Finnish homes could soon be powered by a new type of green energy: horse poop. Fortum, a Finnish energy company, is experimenting with a new biofuel harvested straight from the stables.
Fortum estimates that the manure of three horses could heat a single-family home for a year, based on a spring pilot with four stables and one power plant. That means Finland’s 70,000 horses could power 23,000 homes.
The system uses the wooden shavings that already line the stalls of many horse stables. After the horses poop in their stalls, Fortum gathers the wood and manure mix and spreads it on a field to make sure the moisture levels are even.
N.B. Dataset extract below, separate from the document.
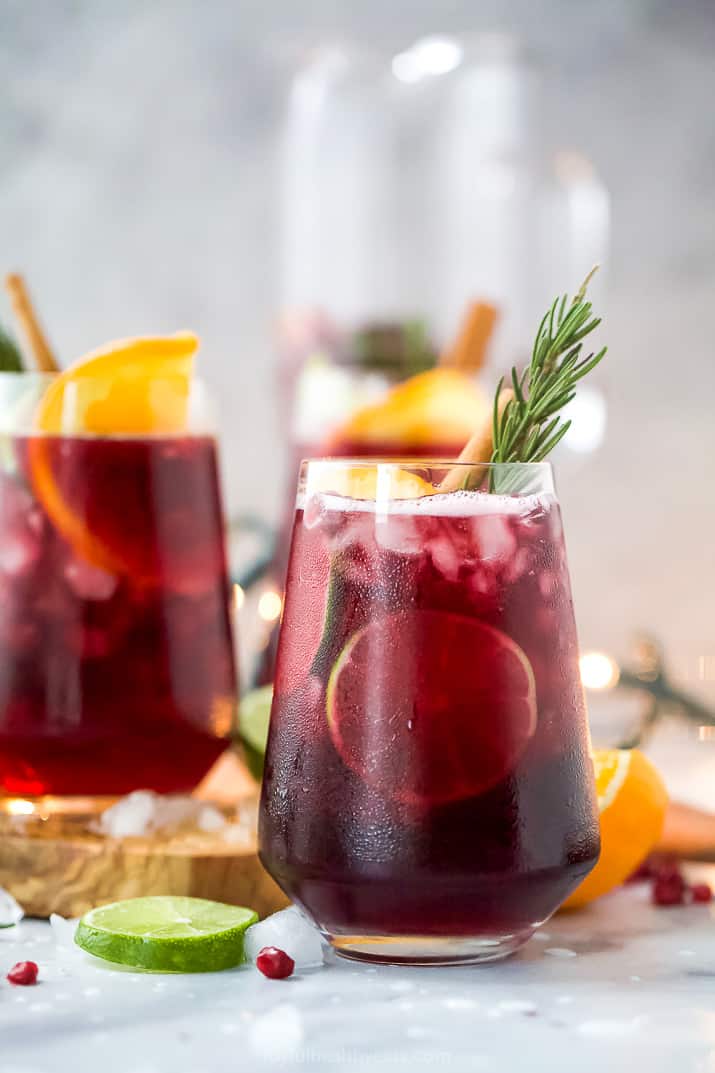 the ultimate holiday sangria recipe in a glass with garnishes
Next, the mixture goes to a biomass power plant, where it’s mixed with other wood shavings (recycled from the country’s large timber industry) and burned.
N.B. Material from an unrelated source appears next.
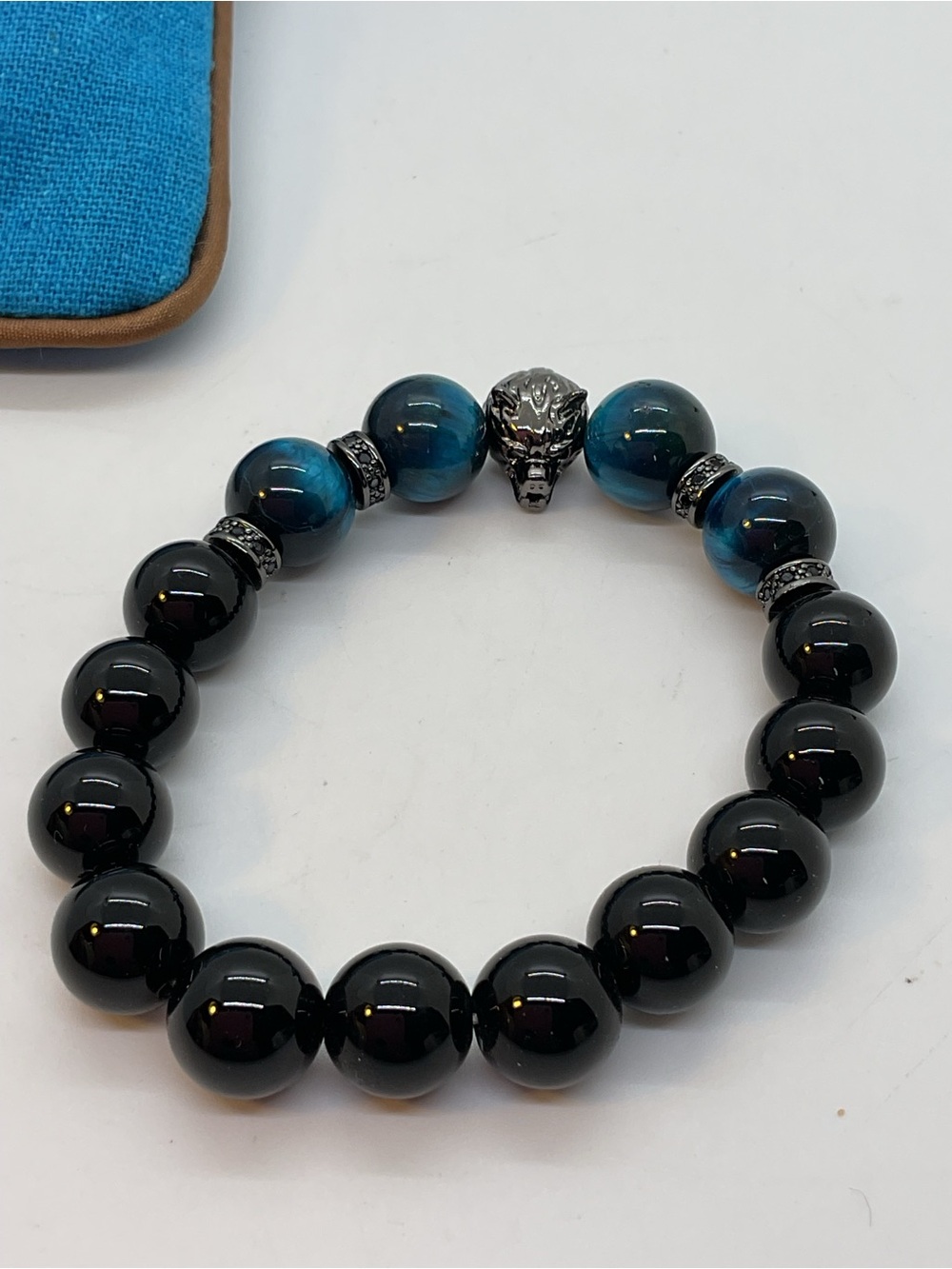 Blue and Black Beaded Stretch Bracelet with Wolf Charm - Picture 2 of 4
Pre-fuel mix. Image Credit: Fortum
So far the pilot tested a combination of wood and waste with only 10 percent manure, but they plan to up the proportion to 20 percent soon, with an expanded pilot of the biofuel system planned for the fall.
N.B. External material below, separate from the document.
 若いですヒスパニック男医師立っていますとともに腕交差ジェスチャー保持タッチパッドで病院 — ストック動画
Horse manure doesn’t pose quite the environmental problem it did back in the days of horse-drawn carriages, but it still can pose a water pollution risk. A mixture of horse manure and stable bedding isn’t ideal as compost for plants, and in the European Union, manure can’t be spread on sloped land, lest it run down the hill and into the water supply during a storm. Finnish horse lovers can't dispose of the animals' waste in landfills, either, per a law that takes effect in 2016. Thus, turning what would be stable refuse into energy addresses Finland's poop problem and puts the country back on the road toward replacing a portion of its fossil fuel usage with biofuels. If it proves successful, other horse-loving countries (like the 9.5-million-horse-strong U.S.) might follow suit.